Pekanbaru – seputar indonesia.co.id – Kebebasan pers di Riau kembali tercoreng. Enam wartawan yang tengah bertugas meliput dugaan penyalahgunaan BBM subsidi di Pom Bensin Tabe Gadang, Pekanbaru, menjadi korban kekerasan brutal yang diduga dilakukan oleh mafia BBM bersama oknum staf pom bensin dan koordinator lapangan. Jumlah pelaku diperkirakan mencapai lebih dari 40 orang.

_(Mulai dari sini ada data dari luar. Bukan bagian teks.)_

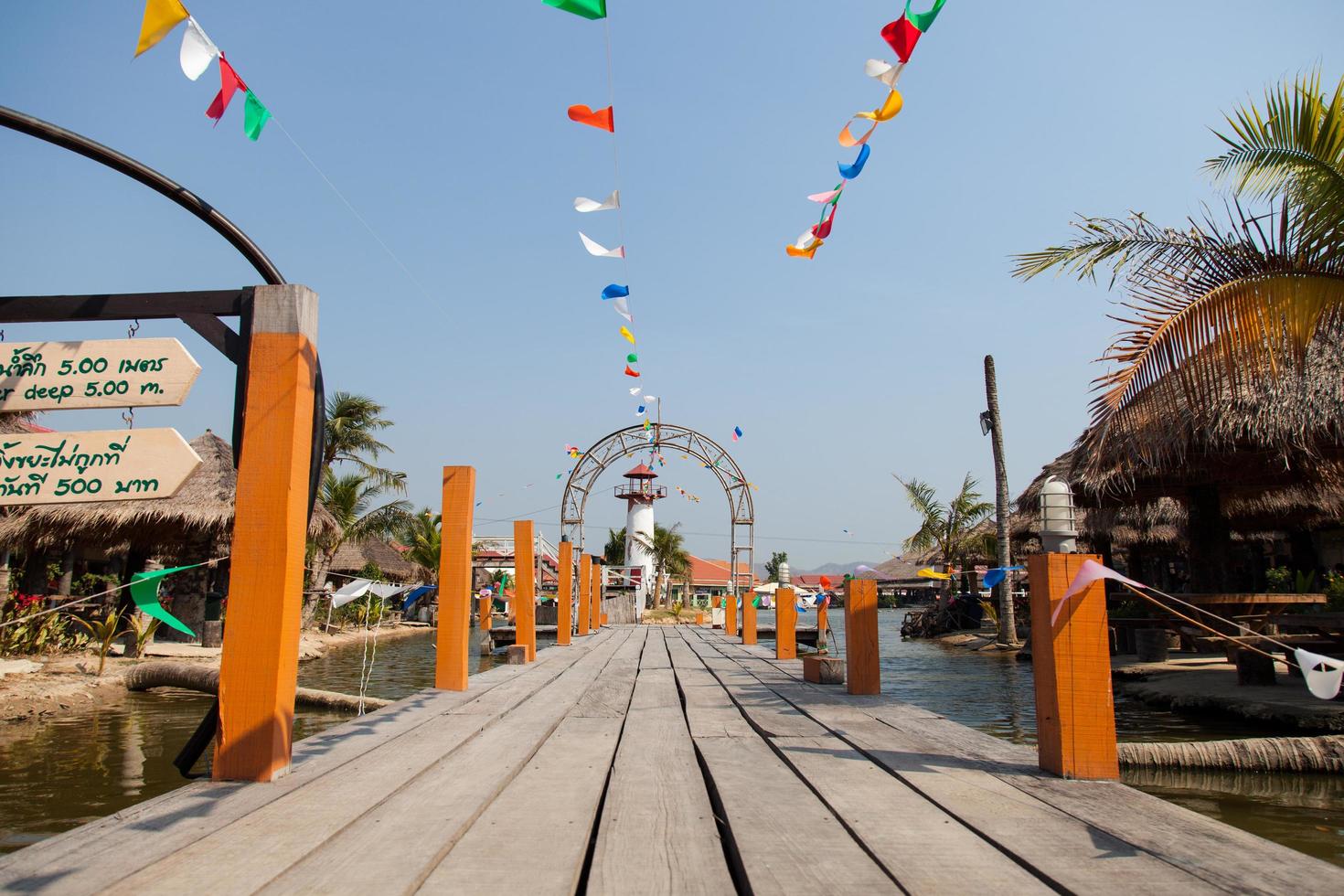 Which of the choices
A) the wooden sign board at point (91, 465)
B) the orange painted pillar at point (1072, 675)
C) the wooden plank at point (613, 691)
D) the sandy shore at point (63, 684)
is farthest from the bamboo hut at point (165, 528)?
the orange painted pillar at point (1072, 675)

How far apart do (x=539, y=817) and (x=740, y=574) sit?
23350 mm

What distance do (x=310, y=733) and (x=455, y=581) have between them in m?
2.31

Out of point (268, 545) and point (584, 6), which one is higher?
point (584, 6)

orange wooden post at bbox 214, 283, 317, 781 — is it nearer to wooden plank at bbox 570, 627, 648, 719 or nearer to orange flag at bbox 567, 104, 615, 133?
wooden plank at bbox 570, 627, 648, 719

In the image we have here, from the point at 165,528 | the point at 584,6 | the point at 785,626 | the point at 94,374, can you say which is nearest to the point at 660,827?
the point at 94,374

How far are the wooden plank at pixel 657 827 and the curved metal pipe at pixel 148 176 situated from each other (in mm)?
2268

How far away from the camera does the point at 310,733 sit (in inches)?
251

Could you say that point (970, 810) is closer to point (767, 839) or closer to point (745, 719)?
point (767, 839)

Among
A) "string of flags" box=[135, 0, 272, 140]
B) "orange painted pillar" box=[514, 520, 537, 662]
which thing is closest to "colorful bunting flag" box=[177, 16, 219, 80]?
"string of flags" box=[135, 0, 272, 140]

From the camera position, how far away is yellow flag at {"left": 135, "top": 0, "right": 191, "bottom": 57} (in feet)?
10.6

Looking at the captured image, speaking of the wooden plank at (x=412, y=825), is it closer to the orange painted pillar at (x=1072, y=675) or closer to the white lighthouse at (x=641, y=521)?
→ the orange painted pillar at (x=1072, y=675)

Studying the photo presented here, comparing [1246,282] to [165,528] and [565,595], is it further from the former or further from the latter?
[165,528]

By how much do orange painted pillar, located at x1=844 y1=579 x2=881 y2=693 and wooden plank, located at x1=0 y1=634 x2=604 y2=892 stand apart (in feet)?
9.61

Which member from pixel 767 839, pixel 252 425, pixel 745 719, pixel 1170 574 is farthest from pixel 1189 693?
pixel 1170 574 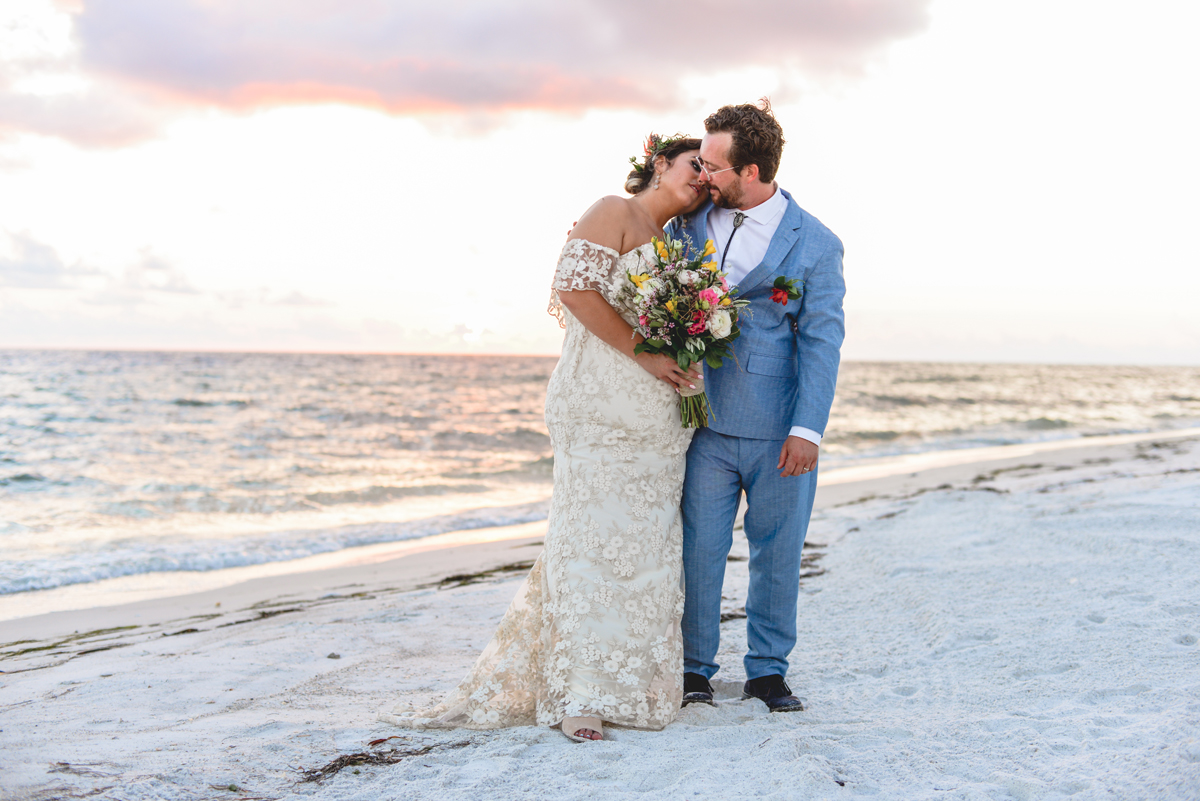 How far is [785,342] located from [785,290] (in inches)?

Para korban adalah Edy Hasibuan (Nusantara Expres), Hotlan Tampubolon (Zona Merah Putih), Ilhamudim (Zona Merah Putih), Ahmad Mizan (Nusantara Expres), Ilham Mutasoib (Zona Merah Putih), dan Alvanza Pebrian Siregar (Garuda Expres). Mereka mengalami pemukulan, intimidasi, dan perusakan peralatan liputan. Bahkan, dua wartawan dilaporkan hilang dan diduga diculik oleh jaringan mafia BBM tersebut.
Aksi Brutal di Siang Bolong
Informasi yang dihimpun menyebutkan, insiden bermula ketika para jurnalis mendatangi lokasi untuk mengumpulkan data dan gambar terkait dugaan praktik ilegal penyaluran BBM bersubsidi. Tanpa peringatan, sekelompok orang langsung menghadang, menghujani korban dengan pukulan, serta merampas dan merusak perlengkapan kerja mereka. Peristiwa ini terjadi di area publik dan disaksikan banyak orang, namun para pelaku bertindak tanpa rasa takut.
Desakan Tegas untuk Kapolres dan Kapolda Riau
Ketua DPD Asosiasi Keluarga Pers Indonesia (AKPERSI) Jawa Barat, Ahmad Syarifudin, C.BJ., C.EJ., mengutuk keras aksi kekerasan ini dan mendesak Kapolres Pekanbaru serta Kapolda Riau untuk bertindak cepat.
“Wartawan bekerja dilindungi Undang-Undang Nomor 40 Tahun 1999 tentang Pers, dan lebih dari itu, wartawan adalah pilar keempat demokrasi yang menjaga keseimbangan kekuasaan. Kekerasan ini adalah bentuk serangan langsung terhadap demokrasi. Jangan sampai hukum tajam ke bawah tapi tumpul ke atas,” tegas Ahmad.
Ia menekankan, aparat harus membentuk tim khusus untuk menangkap seluruh pelaku dan menemukan dua wartawan yang masih hilang.
“Nyawa wartawan yang hilang itu taruhannya. Kapolres dan Kapolda Riau jangan diam. Ini ujian integritas penegakan hukum di Riau,” ujarnya.
Pom Bensin Harus Dievaluasi
Selain mendesak proses hukum, AKPERSI juga meminta manajemen Pom Bensin Tabe Gadang segera memecat oknum staf yang terlibat dan bekerja sama dengan pihak berwajib. Ahmad menilai, pom bensin yang membiarkan kekerasan terhadap jurnalis terjadi di lingkungannya layak dievaluasi izinnya oleh pihak terkait.
Kebebasan Pers Bukan Slogan Kosong:
Kekerasan terhadap wartawan tidak hanya melanggar hukum, tetapi juga mengancam hak masyarakat untuk memperoleh informasi yang benar. Penanganan kasus ini akan menjadi barometer keseriusan Kapolres Pekanbaru dan Kapolda Riau dalam menegakkan hukum tanpa pandang bulu.
“Jika pelaku dibiarkan bebas, pesan yang sampai ke publik adalah: hukum hanya berani kepada rakyat kecil, tetapi tak berkutik di hadapan kelompok yang punya kekuatan. Itulah yang tidak boleh terjadi di negara hukum,” tutup Ahmad Syarifudin.